Wednesday, March 20, 2024

Working With Disappointed Students

by Patrick O'Connor, Ph.D.

The slow trickle of college decisions builds to a rushing stream this week and gains tsunami proportions by the end of the month. Predictions are for a record number of college applicants, which most likely means a record number of students going to college in the fall…


… but students don't always see this bigger, better picture if one of their top colleges turns down their application. Not every student who was waitlisted or turned away asks for advice, but these three concepts can help you support and encourage those who do:


Your first job as a counselor is to listen. It's all too easy to overreact to a sobbing senior holding a rejection letter in his hands, or the student who keeps staring at her phone, reading the same text over and over again from a college that has said no, blank expression on her face. These tell-tale signs clearly indicate some college-induced disappointmen — but they don't provide a single clue about why the student feels the way they do.

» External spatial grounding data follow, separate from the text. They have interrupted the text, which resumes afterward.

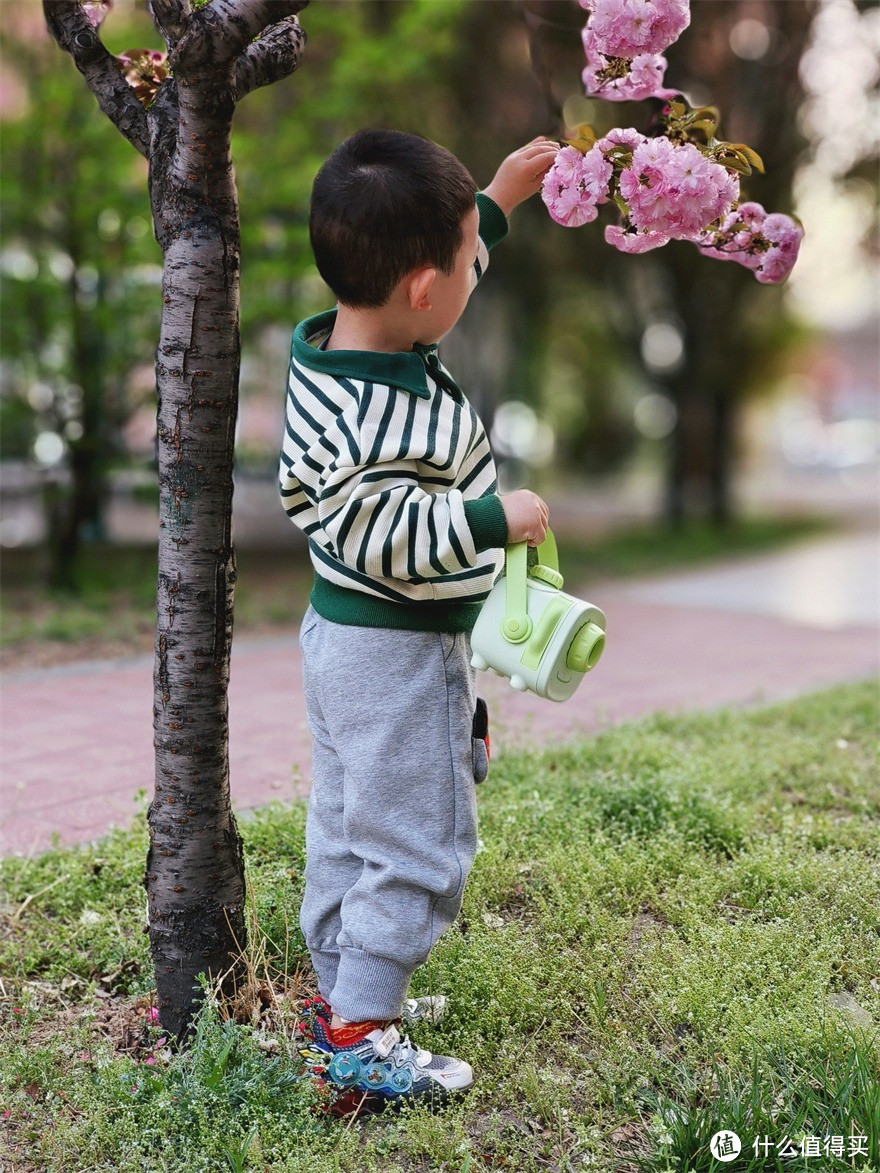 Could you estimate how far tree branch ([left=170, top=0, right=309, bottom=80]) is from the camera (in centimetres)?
201

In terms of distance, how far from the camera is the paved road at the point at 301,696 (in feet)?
12.7

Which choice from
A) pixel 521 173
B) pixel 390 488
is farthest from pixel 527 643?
pixel 521 173

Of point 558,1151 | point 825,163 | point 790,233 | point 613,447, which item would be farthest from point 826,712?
point 613,447

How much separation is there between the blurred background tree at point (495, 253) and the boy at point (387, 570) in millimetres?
824

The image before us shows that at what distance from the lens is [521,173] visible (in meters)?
2.38

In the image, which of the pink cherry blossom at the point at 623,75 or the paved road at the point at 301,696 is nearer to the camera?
the pink cherry blossom at the point at 623,75

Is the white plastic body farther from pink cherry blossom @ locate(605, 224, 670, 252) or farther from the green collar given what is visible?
pink cherry blossom @ locate(605, 224, 670, 252)

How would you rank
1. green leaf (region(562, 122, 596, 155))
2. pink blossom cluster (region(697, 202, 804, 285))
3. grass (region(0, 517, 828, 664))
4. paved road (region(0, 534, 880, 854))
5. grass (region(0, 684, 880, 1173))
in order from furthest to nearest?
grass (region(0, 517, 828, 664)), paved road (region(0, 534, 880, 854)), pink blossom cluster (region(697, 202, 804, 285)), green leaf (region(562, 122, 596, 155)), grass (region(0, 684, 880, 1173))

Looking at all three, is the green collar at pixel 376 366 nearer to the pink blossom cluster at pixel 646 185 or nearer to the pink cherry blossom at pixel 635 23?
the pink blossom cluster at pixel 646 185

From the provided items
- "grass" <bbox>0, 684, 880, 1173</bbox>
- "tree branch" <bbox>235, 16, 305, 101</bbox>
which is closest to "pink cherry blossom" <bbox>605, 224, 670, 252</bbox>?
"tree branch" <bbox>235, 16, 305, 101</bbox>

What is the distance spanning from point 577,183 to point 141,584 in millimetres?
6085

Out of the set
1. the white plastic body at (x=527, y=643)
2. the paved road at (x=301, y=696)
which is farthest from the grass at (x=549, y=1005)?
the white plastic body at (x=527, y=643)

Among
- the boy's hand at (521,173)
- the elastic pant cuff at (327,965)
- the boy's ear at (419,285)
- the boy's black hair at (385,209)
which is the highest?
the boy's hand at (521,173)

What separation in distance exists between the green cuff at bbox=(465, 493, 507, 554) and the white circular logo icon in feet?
3.40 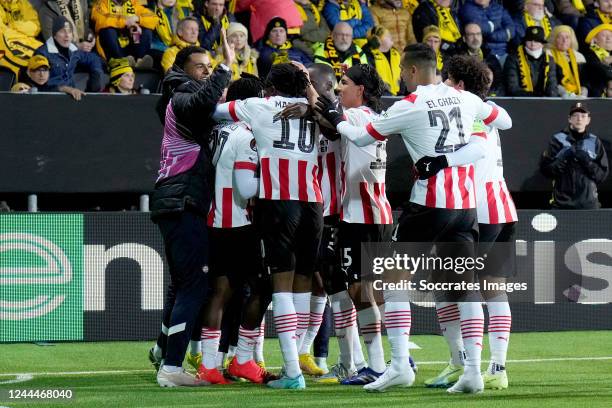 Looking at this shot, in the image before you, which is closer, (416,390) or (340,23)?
(416,390)

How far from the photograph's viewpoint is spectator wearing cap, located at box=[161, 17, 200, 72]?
43.0ft

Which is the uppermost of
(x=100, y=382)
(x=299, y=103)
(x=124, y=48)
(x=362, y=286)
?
(x=124, y=48)

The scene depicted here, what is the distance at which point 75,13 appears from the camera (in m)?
13.5

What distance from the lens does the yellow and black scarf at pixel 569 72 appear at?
14.9m

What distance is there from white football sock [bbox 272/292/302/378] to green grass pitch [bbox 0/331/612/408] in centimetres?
22

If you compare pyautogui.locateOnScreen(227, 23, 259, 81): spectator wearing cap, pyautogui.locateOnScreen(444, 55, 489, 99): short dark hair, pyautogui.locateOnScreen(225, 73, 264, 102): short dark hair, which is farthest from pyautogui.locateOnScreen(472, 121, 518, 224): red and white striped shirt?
pyautogui.locateOnScreen(227, 23, 259, 81): spectator wearing cap

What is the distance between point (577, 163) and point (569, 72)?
7.08 feet

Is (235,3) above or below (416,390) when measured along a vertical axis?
above

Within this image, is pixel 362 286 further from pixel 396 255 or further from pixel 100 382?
pixel 100 382

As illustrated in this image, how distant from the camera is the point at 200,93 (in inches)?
315

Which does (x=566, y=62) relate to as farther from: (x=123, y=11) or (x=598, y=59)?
(x=123, y=11)

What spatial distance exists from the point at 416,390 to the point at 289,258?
127cm

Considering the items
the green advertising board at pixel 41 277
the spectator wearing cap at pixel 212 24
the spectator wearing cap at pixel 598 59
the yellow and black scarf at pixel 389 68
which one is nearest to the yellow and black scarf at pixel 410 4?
the yellow and black scarf at pixel 389 68

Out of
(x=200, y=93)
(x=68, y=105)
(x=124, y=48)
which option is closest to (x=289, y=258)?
(x=200, y=93) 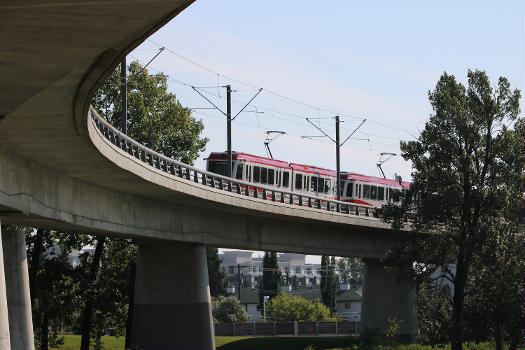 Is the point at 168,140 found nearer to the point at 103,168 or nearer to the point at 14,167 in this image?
the point at 103,168

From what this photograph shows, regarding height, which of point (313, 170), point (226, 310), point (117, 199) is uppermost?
point (313, 170)

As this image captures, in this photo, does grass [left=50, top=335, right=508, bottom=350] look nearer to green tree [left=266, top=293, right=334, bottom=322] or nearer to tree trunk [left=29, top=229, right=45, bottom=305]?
tree trunk [left=29, top=229, right=45, bottom=305]

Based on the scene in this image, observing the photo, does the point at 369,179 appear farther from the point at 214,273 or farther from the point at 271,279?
the point at 271,279

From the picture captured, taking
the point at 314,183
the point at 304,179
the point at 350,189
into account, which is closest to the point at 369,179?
the point at 350,189

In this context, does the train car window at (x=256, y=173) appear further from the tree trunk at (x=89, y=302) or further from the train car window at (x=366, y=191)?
the train car window at (x=366, y=191)

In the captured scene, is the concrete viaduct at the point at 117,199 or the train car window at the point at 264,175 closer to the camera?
the concrete viaduct at the point at 117,199

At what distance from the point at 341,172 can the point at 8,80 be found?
145 ft

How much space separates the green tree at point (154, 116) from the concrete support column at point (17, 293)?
60.3 feet

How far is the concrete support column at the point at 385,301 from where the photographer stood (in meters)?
56.2

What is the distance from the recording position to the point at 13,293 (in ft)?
103

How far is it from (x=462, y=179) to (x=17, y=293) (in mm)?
19826

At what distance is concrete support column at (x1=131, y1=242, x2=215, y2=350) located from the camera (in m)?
41.6

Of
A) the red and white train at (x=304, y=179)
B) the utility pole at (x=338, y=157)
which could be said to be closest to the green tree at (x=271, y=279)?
the red and white train at (x=304, y=179)

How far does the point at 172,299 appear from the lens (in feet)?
138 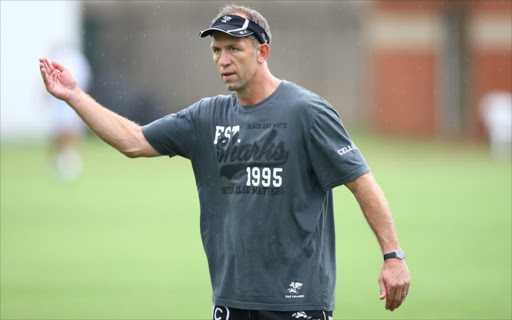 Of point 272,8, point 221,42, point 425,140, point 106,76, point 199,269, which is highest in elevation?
point 272,8

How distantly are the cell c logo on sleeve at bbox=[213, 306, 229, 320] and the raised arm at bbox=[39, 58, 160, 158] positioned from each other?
102 centimetres

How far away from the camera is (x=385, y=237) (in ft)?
17.3

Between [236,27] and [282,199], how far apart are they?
96cm

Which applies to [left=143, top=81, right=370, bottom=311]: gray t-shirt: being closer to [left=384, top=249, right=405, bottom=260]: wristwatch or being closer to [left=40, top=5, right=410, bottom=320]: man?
[left=40, top=5, right=410, bottom=320]: man

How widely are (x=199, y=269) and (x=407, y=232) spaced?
379cm

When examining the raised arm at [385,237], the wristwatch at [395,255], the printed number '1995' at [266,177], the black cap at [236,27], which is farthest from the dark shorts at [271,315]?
the black cap at [236,27]

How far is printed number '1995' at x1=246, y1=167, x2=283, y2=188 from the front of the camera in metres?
5.34

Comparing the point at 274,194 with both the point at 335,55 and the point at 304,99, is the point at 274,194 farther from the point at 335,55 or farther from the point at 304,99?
the point at 335,55

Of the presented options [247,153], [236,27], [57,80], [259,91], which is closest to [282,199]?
[247,153]

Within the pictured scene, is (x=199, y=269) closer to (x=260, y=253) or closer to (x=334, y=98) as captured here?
(x=260, y=253)

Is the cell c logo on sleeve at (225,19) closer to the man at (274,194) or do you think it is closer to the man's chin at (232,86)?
the man at (274,194)

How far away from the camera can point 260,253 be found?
17.6 ft

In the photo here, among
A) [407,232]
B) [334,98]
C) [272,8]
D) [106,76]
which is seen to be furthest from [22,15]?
[407,232]

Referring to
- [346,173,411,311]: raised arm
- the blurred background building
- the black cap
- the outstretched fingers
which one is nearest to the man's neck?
the black cap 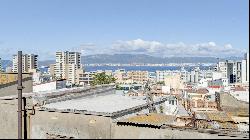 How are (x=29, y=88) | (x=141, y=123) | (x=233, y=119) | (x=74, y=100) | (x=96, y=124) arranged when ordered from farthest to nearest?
1. (x=29, y=88)
2. (x=74, y=100)
3. (x=233, y=119)
4. (x=96, y=124)
5. (x=141, y=123)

Enter your counseling skills. Your office provides the space far away from fist-pumping admitted students and "You're in" text messages, and gives a student the chance to gain perspective, poise, and the words to describe what they're thinking. The quietude of your office gives them the right place to try out how they're feeling, with only a question or two from you to guide them. Never assume you know why the decision makes them unhappy; create an atmosphere that encourages them to tell you.


Watch out for the silent majority. Not all students treat college decisions like the end of the Super Bowl — in fact, most students have heeded your counseling advice and are calmly happy with the admission offers they've received from other colleges. At the same time, some of these reserved students may need help understanding what their college decisions mean; they just don't want to call attention to themselves by seeking you out.


The most important work you can do as a counselor is sort out the quiet, happy students from the quiet, questioning students. Wander the halls, walk the cafeteria, talk to your teaching colleagues and ask how the students are doing. Good teachers know the difference between a quiet student who's working well and one who's working through a challenge; count on them to find the students who most need the help, even if the student can't find the words to ask for it.


Always point them forward. Exploration of why a college made a certain admissions decision can help heal the past, but it does only so much to help the student to face the future with a sense of purpose and expectation, key qualities to a successful college transition. That's why it's vital that the end of any exploration of what has happened to a student's college plans ends with a discussion of what will happen with a student's college plans.


The next step may be a small one —how to break the news to Mom and Dad, how to decide among the colleges that offered admission, or even how to organize their homework for the next day — but every step forward reinforces the underlying message of all college admissions counseling: College decisions aren't character indictments; you are the same complete person you were this morning; what happens tomorrow is largely determined by what you do with today's opportunities.


Regardless of what admissions offices send out this month, accepting these key premises is the best college decision any senior can make. Guiding them to that acceptance is the privilege of our work.